Sarah is now 30 and works as an archivist for Union Station in Washington, D.C. But when she was 3 1/2, her parents, Arnie and Betsy Mayersohn, moved to St. Louis so their daughter could attend St. Joseph Institute for the Deaf. It was there she received cochlear implants, which weren’t yet available at UALR.
“Rather than her just being able to sign, they wanted her to be able to talk,” Fullerton said of her brother and his wife. The couple also adopted a daughter, Rani, from India.

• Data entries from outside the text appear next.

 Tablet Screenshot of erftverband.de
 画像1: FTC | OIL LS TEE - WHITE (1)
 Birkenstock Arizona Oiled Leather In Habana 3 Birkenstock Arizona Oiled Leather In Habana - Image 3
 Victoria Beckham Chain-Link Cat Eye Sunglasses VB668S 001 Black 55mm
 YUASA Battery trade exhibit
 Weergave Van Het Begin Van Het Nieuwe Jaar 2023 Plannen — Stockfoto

Sarah, who was eventually mainstreamed into schools with hearing children, graduated from high school and earned a bachelor’s degree from Boston University and double master’s degrees from Indiana University at Bloomington.
The UALR Speech and Hearing Clinic started as an undergraduate program in 1970, with a master’s program added four years later. It’s at University Plaza at Asher and South University avenues and has helped hundreds of adults and children with speech-language and hearing disorders, said Leah Thorvilson, director of development and external relations for the UALR College of Education and Health Professions.
UALR offers an Auditory Based Intervention Certificate that prepares speech and hearing professionals with knowledge and skills for developing or maintaining listening and spoken language in individuals who are deaf or hard of hearing, Thorvilson said.
Jazz & Juleps starts at 6 p.m. with mint juleps and other alcoholic and nonalcoholic beverages, as well as heavy hors d’oeuvres and music by Mojo de Jazz. An auction conducted by KTHV, Channel 11, television anchor Craig O’Neill offers art by Jack East, as well as a private dinner for 10 in the home of Scott and Libby Davis with chef Peter Brave, a tamale and tequila family-style dinner for 12 at Big Orange and a vacation at the Hilton Grand Vacations hotel Elara in Las Vegas.
At least 40 items will be available during a silent auction, which is new to the event this year.
Last year, Thorvilson asked Fullerton to lunch and the volunteer knew something was up. When they sat down at the table, Fullerton’s immediate response was negative.
“I know what you’re going to ask, and I’m not doing it,” Fullerton told the development director.
“We hit it off right away, and by the end of the conversation, she said, ‘Well, OK, I’ll do it,'” Thorvilson says. At a later meeting, someone suggested that Fullerton chair the event indefinitely, and she agreed.
Fullerton and her crew are expecting 300 to 325 people to attend and hope to gross at least $100,000.
Money raised creates an endowed scholarship in the name of the event’s honorees. Last year, 11 Jazz & Juleps scholarships were awarded to audiology and speech pathology students. Honored this year are Lynn Coates and her daughter, Caroline Coates-Nelson, who was born with severe hearing loss.
Coates joined the UALR Speech and Hearing Clinic, served as executive director for eight years at the Arkansas Association for Hearing Impaired Children and was elected to serve on the parent section of the Alexander Graham Bell Association for the Deaf and Hard of Hearing. Coates’ initiatives also include the program at Camp Aldersgate for orally educated hearing impaired children and the Whitney Derrick Lending Library.